Chicagowski Departament Policji zwiększa liczbę funkcjonariuszy pełniących służbę na stacjach CTA z 90 do 140.
Policjanci będą odpowiedzialni za wszystko, od obserwacji pasażerów unikających opłat za bilety, po zapobieganie przemocy i kradzieży.
Grupa ta przejdzie 6-miesięczne szkolenie. Pracę na stacjach rozpocznie przyszłej wiosny.
Tymczasem CTA zatrudnia na pół etatu innych policjantów i ochraniarzy z prywatnych firm.
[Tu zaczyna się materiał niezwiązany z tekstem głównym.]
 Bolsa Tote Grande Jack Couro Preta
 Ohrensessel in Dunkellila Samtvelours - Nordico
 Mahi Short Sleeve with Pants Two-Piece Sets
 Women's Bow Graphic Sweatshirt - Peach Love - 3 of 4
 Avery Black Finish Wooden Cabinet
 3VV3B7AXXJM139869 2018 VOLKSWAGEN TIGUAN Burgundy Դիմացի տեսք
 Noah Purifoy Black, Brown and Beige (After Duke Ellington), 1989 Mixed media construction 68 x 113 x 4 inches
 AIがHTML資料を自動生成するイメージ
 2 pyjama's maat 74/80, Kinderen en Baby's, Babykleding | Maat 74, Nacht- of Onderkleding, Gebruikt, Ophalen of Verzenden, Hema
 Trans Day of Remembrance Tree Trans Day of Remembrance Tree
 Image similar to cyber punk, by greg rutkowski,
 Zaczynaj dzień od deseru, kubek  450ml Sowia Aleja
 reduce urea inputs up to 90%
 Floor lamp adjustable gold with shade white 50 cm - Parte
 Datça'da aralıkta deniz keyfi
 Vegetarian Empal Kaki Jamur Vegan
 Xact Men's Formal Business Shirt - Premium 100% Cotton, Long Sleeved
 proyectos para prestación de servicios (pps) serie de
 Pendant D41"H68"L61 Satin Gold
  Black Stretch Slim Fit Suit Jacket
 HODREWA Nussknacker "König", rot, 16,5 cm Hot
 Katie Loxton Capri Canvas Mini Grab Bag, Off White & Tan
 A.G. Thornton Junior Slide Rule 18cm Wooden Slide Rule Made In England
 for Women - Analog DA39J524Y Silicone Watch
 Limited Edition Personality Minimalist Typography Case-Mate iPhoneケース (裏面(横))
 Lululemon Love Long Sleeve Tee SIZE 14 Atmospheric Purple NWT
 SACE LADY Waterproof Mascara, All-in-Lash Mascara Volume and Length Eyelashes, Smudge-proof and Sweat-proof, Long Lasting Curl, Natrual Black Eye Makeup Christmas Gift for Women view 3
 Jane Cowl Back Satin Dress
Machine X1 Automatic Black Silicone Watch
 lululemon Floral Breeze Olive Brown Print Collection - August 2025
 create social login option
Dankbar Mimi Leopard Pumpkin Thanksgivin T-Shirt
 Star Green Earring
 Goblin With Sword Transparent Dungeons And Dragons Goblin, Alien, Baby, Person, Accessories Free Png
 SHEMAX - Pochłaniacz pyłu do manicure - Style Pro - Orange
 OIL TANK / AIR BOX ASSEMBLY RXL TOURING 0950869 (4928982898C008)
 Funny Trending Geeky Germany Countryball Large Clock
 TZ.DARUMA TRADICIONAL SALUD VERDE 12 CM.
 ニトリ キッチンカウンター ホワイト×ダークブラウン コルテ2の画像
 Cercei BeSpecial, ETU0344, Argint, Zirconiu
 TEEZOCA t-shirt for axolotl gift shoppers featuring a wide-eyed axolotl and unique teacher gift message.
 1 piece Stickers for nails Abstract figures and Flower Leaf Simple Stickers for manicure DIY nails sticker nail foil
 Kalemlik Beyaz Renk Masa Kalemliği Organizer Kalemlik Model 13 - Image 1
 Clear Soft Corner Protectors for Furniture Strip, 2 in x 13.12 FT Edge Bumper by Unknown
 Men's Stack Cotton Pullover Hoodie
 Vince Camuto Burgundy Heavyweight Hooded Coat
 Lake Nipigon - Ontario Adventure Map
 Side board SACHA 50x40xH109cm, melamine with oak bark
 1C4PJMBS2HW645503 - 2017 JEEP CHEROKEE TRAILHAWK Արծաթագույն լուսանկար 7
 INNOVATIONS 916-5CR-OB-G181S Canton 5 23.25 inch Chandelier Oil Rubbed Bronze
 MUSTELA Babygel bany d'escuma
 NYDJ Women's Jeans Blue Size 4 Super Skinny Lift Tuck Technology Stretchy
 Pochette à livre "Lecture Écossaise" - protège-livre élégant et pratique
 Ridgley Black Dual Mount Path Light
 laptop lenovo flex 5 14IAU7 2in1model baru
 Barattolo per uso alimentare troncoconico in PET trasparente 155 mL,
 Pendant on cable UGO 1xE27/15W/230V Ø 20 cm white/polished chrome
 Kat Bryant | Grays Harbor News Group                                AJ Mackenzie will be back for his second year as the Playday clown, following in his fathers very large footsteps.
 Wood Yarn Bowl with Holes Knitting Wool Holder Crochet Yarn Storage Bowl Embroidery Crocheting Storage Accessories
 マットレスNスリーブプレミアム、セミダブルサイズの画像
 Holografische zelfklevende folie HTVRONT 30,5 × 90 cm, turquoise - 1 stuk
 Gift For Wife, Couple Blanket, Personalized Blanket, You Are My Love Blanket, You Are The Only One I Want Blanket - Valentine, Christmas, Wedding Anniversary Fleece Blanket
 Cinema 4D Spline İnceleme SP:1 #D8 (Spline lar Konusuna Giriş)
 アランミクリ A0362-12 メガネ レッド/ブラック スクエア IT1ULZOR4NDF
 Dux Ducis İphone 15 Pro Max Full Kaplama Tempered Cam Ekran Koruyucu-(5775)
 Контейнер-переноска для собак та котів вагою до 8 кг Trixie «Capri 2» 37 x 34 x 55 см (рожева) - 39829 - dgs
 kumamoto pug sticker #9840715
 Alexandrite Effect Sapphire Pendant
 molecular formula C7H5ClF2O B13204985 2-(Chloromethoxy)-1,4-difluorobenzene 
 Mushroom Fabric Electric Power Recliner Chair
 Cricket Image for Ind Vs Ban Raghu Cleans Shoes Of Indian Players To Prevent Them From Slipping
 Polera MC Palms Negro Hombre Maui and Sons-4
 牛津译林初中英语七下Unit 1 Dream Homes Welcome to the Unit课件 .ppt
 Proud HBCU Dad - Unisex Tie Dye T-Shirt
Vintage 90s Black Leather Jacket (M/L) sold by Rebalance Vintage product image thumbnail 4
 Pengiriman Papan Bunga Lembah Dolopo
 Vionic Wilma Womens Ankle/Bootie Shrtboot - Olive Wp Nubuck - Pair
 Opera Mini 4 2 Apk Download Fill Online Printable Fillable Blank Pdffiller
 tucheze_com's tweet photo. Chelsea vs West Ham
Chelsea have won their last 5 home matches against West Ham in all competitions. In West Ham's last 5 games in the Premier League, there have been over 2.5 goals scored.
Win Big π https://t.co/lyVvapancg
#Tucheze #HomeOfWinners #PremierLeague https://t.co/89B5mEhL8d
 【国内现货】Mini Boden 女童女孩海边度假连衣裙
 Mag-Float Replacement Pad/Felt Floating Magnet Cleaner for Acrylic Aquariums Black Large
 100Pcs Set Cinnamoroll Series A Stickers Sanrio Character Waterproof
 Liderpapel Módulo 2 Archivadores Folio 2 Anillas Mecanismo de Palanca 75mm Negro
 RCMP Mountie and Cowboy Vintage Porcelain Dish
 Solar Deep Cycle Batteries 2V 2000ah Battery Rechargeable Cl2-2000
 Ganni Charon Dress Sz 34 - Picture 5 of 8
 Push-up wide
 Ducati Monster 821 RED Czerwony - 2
Prezes CTA, Forrest Claypool, uważa, że decyzja o skierowaniu na stacje dodatkowych policjantów przyniesie lepsze skutki z tej prostej przyczyny, że będą to ludzie, którzy „wierzą w swoją misję, są ekspertami w tym, co robią i każdego dnia zdobywają większe doświadczenie”.
Na początku czerwca seria ataków w okolicy Gold Coast i Streeterville skłoniła szefa policji, Garry´ego McCarthy, do skierowania niektórych policjantów do pracy na stacjach kolejek CTA i w innych punktach miasta. Część z nich pracowała w cywilnych ubraniach.
Burmistrz Rahm Emanuel powiedział, że rezultaty ich pracy okazały się tak obiecujące, że zwrócił się do Claypoola o zatrudnienie dodatkowych 50 oficerów do patrolowania całego systemu.